Basic Radio is a free introductory textbook on electronics based on tubes. See the editorial for more information....


Author: J.B. Hoag

The faster the loop of Fig. 4 A rotates, the shorter the "period" T and the greater the number of cycles of e.m.f. and current that will be produced each second. If the loop rotates sixty times each second, sixty complete cycles of current will be generated each second. The frequency, f, is the number of complete cycles per second. The loop will require 1/60 of a second to rotate once. The time for one rotation or cycle is called the period. It is easy to see that f = 1/T, i.e., the frequency is the reciprocal of the period.

For power lines, the frequencies in common use are 25, 50, and 60 Hz, the latter being by far the most widespread. Incidentally, the direct current from a battery or d.c. generator has a frequency of zero.

There are other methods of producing alternating currents than that of the rotating machine described above. In particular, vacuum tubes have been used in oscillator circuits to good advantage. With these, it is possible to produce much higher frequencies, into the billions of Hz.

Frequencies from 15 to 15,000 are known as audio frequencies because they can operate telephone receivers and loud speakers to produce sound waves which are audible to the ear.

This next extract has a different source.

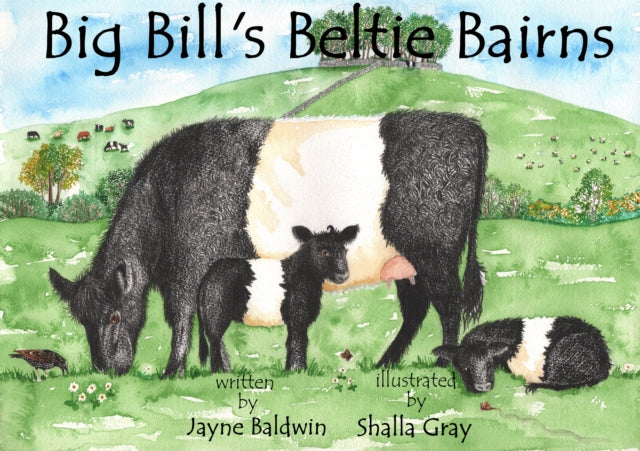 Big Bills Beltie Bairns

Frequencies in the range from 15,000 to 100,000 cycles per second (= 15 to 100 kHz or kilohertz (kilocycles)) are called intermediate or low radio frequencies. From 100 to 1,500 kHz they are called medium r.f. (radio frequency). From 1.5 to 6 megahertz (mega = million) they are called medium-high frequencies. From 6 to 30 MHz they are h.f. (high frequencies); from 30 to 300 MHz they are ultra-high frequencies (u.h.f.). Above this they are referred to as centimeter-waves, quasi-optical waves, or microwaves.